The main advantage of this approach is that it helps (far more than a sterile dot-point plan) to identify where the slack or boring bits of the story might be. It makes fixing those much easier than doing a structural edit after the fact – 100 words of outline is a lot easier to fix than two chapters of misconceived fiction. And because it’s a relatively easy commitment to write two or three pages of outline, I don’t feel any anxiety about ideas that aren’t working yet. I can just put them on hold and turn my attention to something else, tinkering with the outline when I get a new idea or figure out a fix to a problem.

So far it’s working. Whenever I sit down for a writing session I can glance at the story beats and know exactly what I have to write. That helps me to cut through my usual procrastination rituals and get straight to writing. Writing the story beats out beforehand satisfies my inclination as a pantser/discovery writer, by letting me explore the idea and tell the story without committing to five or ten or ninety thousand words first. At the same time, a loosely sketched-out outline with which I have told the story to myself leaves plenty of room for discovering the tone and the characters and the smaller nuances of the piece. It seems to hit the right balance for me.

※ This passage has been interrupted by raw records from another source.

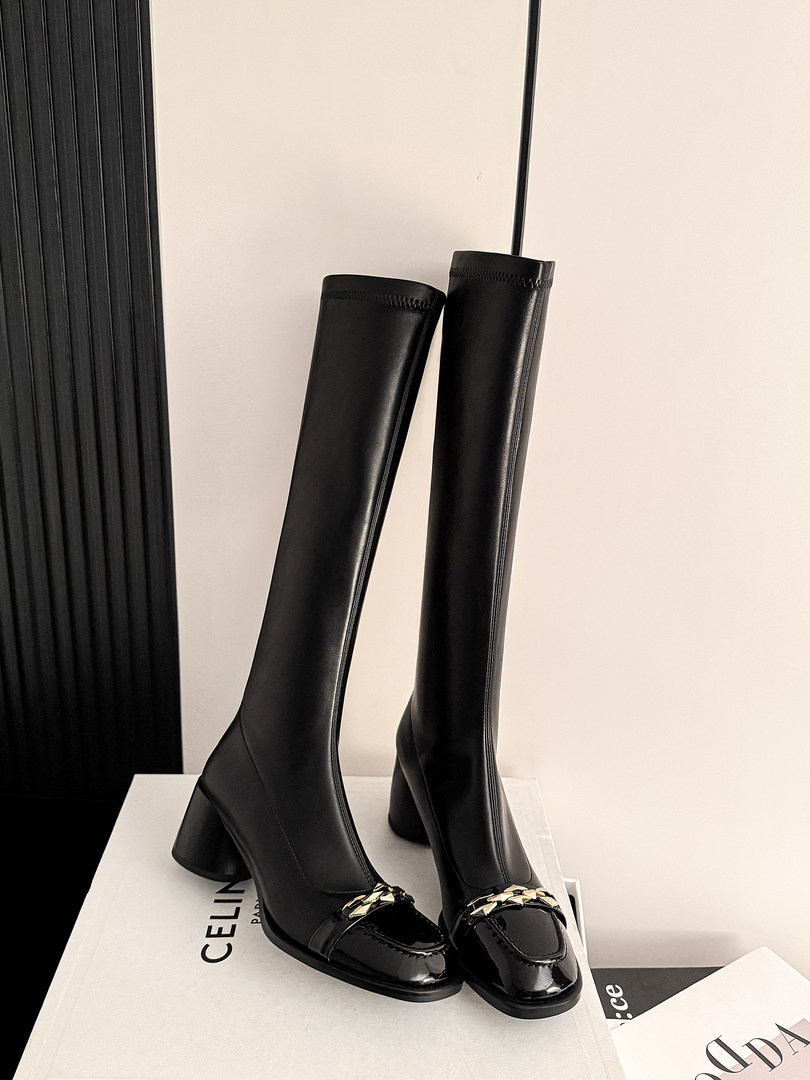 Black knee-high heeled boots with glossy toe caps displayed on a box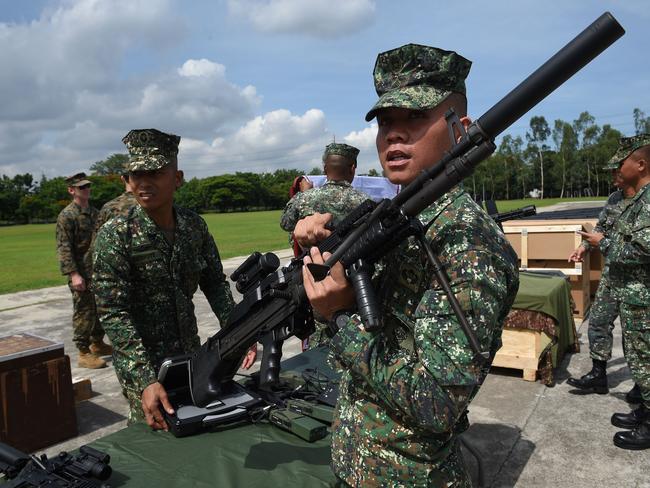 A Philippine Marine holds an M60 machine gun during a handover ceremony of weapons from the US military in Manila last week. The United States have given counter-terrorism weapons to help the Philippine military fight Islamic militants. Picture: Ted Aljibe/AFP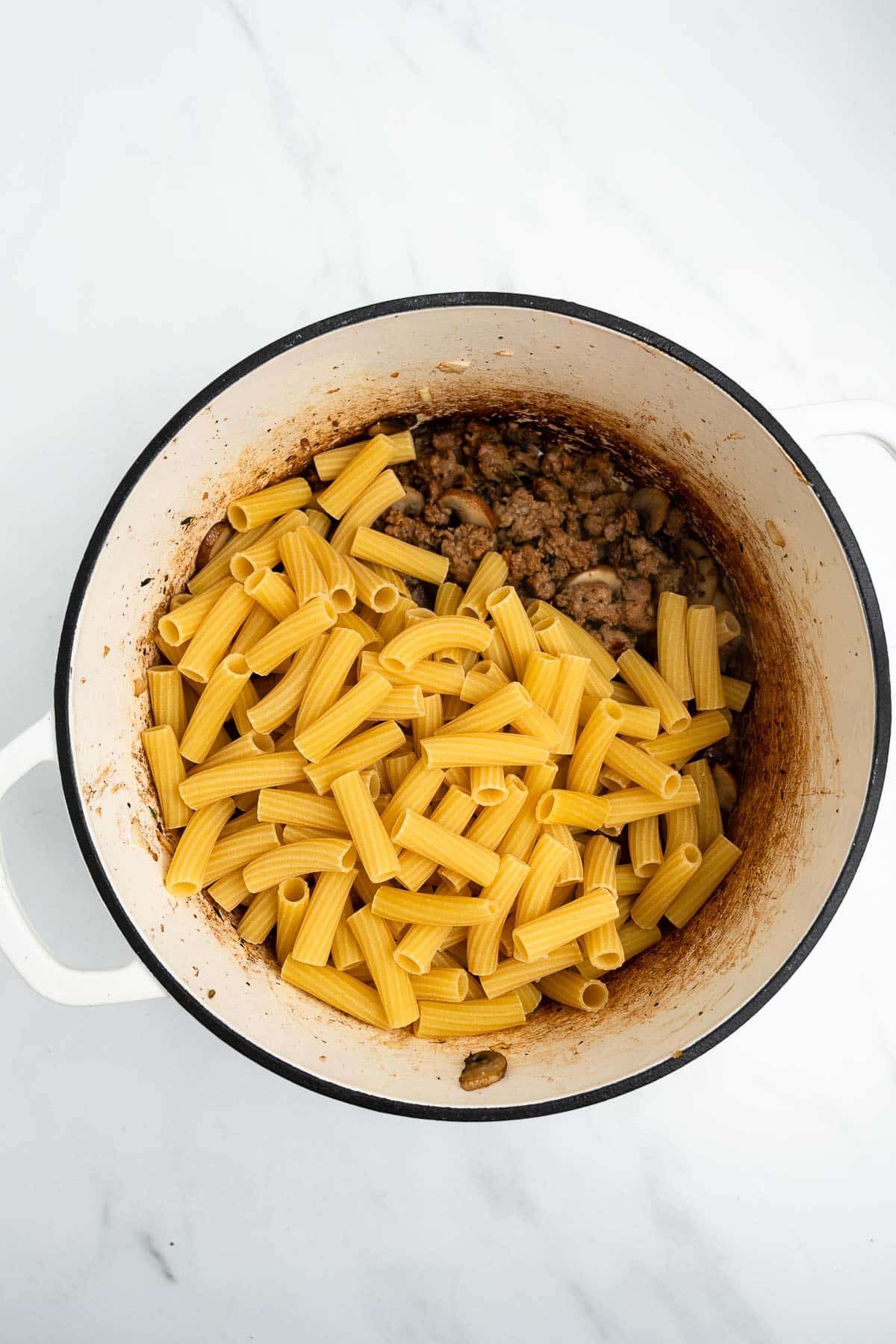ground sausage and rigatoni in a pot.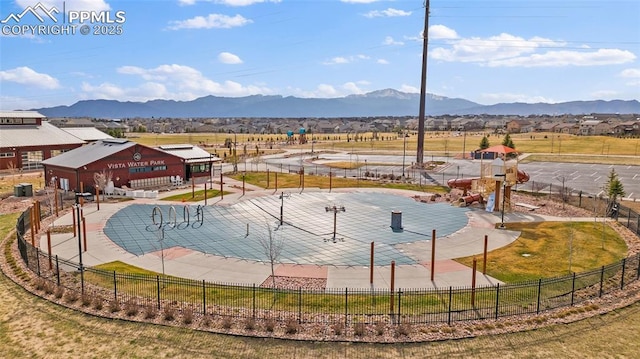 view of sport court with fence and a mountain view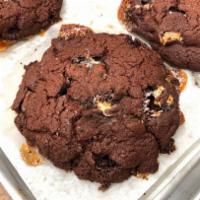 Gooey Marshmallow Chocolate Cookie (G.F.) · Generous, decadent flour-less, bittersweet chocolate cookie with marshmallows baked in and s...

It’s a method I aim to experiment with more. I have a rough idea for a three-novel science fiction adventure that I plan to develop using story beats. Unless I have another idea that jumps the queue in the meantime, I’ll probably make that the next project in the pipeline, starting with developing the characters and figuring out the story beats, and then (if and when I have the energy) seeing how long it takes to turn that into an actual story.

…probably a long time though.


  1. Can you tell me more about your three-novel science fiction adventure so I can start in on some concept art for the inevitable Broadway musical adaptation? *looks hopeful*

    Comment by Dr Clam — May 11, 2014 @ 9:23 am

  2. When I write the story beats, I’ll send ’em to you for critique/ripping to pieces/kindling.

    Comment by lexifab — May 11, 2014 @ 1:11 pm

  3. Woot! Gysin-style cut-ups of Lexifab story beats read out loud to an 11 images per second montage of the results of a Google image Search on: “Gysin-style cut-ups of Lexifab story beats read out loud to an 11 images per second montage of the results of a Google image Search on” coming up. 2015 will be nifty-keen!

    Comment by Dr Clam — May 11, 2014 @ 8:29 pm

  4. You realise, of course, that I was forced to Google Gysin just to understand this joke?

    Comment by lexifab — May 11, 2014 @ 8:46 pm

  5. This Blog is nowhere near neglected. Your new job plan seems quite smooth compared to mine. I don’t really have an exit strategy to my job which doesn’t pay, causes me stress, anxiety, depression – I’ve got the worst boss imaginable but he won’t let me quit, won’t fire me and refuses to train me and won’t let me out of his sight. My only chance of escaping is if he folds, but I wouldn’t wish that upon even him….

    Where are the short stories and stuff? I have a great admiration for those that can write fiction. When I try, it feels like I am just lying.

    Comment by Marco — May 13, 2014 @ 4:39 pm

  6. Hi Marco. I honestly have no idea how anyone manages, running a small business. Though conceivably I will get to find out sooner or later. As for your boss, I suggest you try to get on his good side – maybe butter him up with a nice bottle of wine or something. I bet he likes treats.

    (I started answering the question about the short stories, then I realised I should just do that as a separate blog post, so thanks for the prompt).

    About writing: You say “it feels like I am just lying”. I say, yes, that’s what fiction is, so don’t let that feeling stop you. Hmm, maybe I should do a blog post about how I feel about that idea as well.

    Comment by lexifab — May 14, 2014 @ 3:17 pm

  7. How are them there story beats coming along?

    Comment by Chris — September 16, 2014 @ 2:16 pm

  8. A bit slowly. I come back to them and tinker with the breakdown of my planned novel every so often but it’s not a priority while I’m concentrating on short stories. But I do use them – when I’m finished editing my current WIP I have an I-don’t-have-the-slightest-idea-where-this-is-going story that I will probably develop through beating an outline.